The world says that time heals all wounds, but that’s not true. Jesus heals them and he can heal you right on the spot, physically and emotionally. You know sometimes if you see somebody who did you wrong and you still feel angry when you see them? Or you remember some situation and you immediately have a strong reaction? Maybe you haven’t gotten over it yet and need to ask God to help you find peace. I’ve gotten on facebook several times and have seen many, many posts of people posting their positive pregnancy tests, their newborns, their birth videos, and this morning I noticed something when I watched my friends video: I didn’t feel jealous or angry that I don’t get to do that now.

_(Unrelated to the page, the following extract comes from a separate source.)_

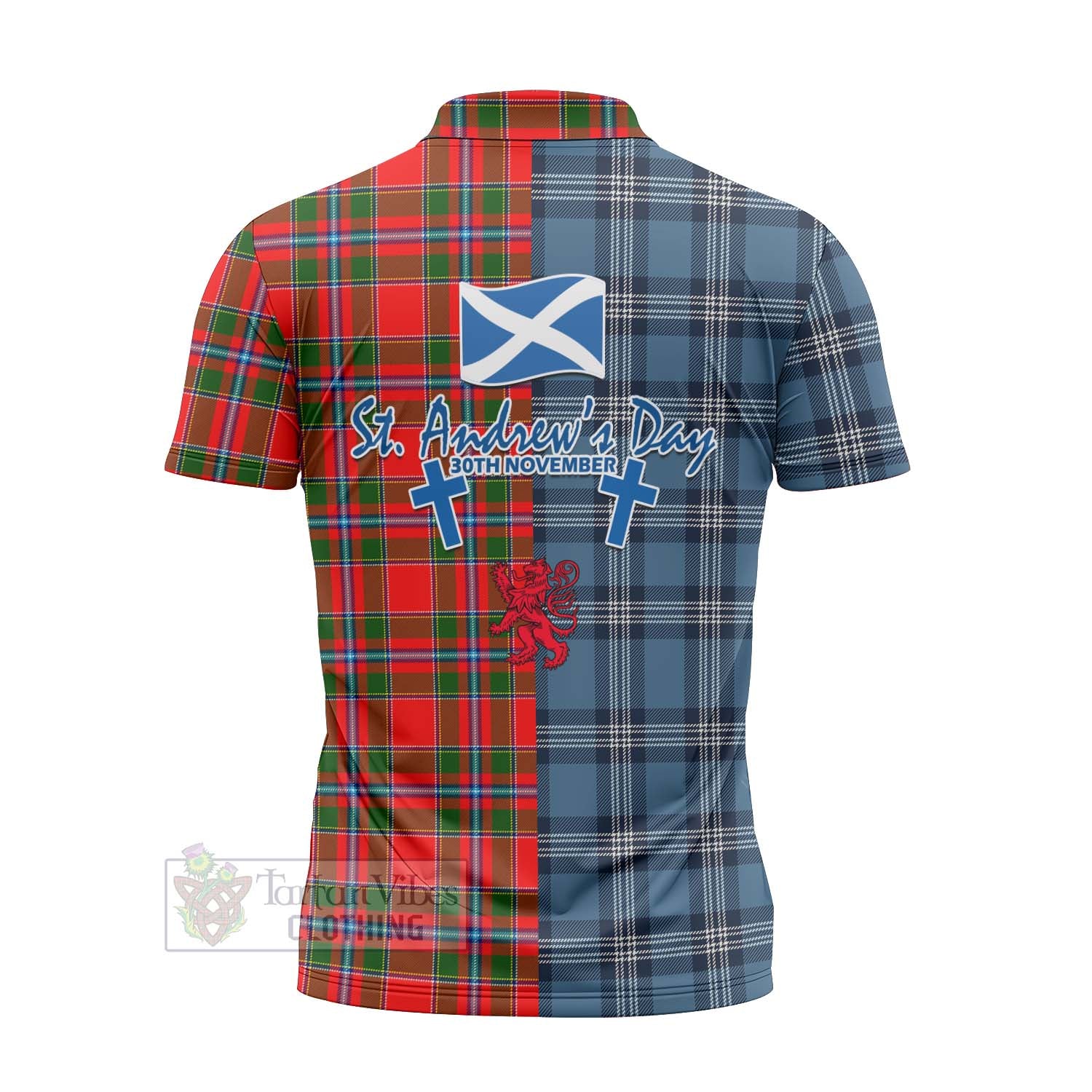 Tartan Vibes Clothing Butter Tartan Zipper Polo Shirt Happy St. Andrew's Day Half Tartan Style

See I just miscarried a few days ago, so the world would say I should feel sad and angry and jealous when I see that because it’s only been a few days. That’s not enough time to get over it. And if you’re over it already I question if you cared in the first place. The world has it wrong. Time doesn’t heal your wounds; Jesus heals your wounds when you ask him to. (Thanks Sadie Robertson from Duck Dynasty for that little gem-can’t take credit for that one haha)
I do have moments of sadness and grief, but I picture Jesus walking beside me, holding my hand, sitting on the couch beside me, because he really is there. I can’t see him with my eyes, but I can feel him around me holding me together.
Sometimes the hardest thing to say is: I want your will, Lord, not mine.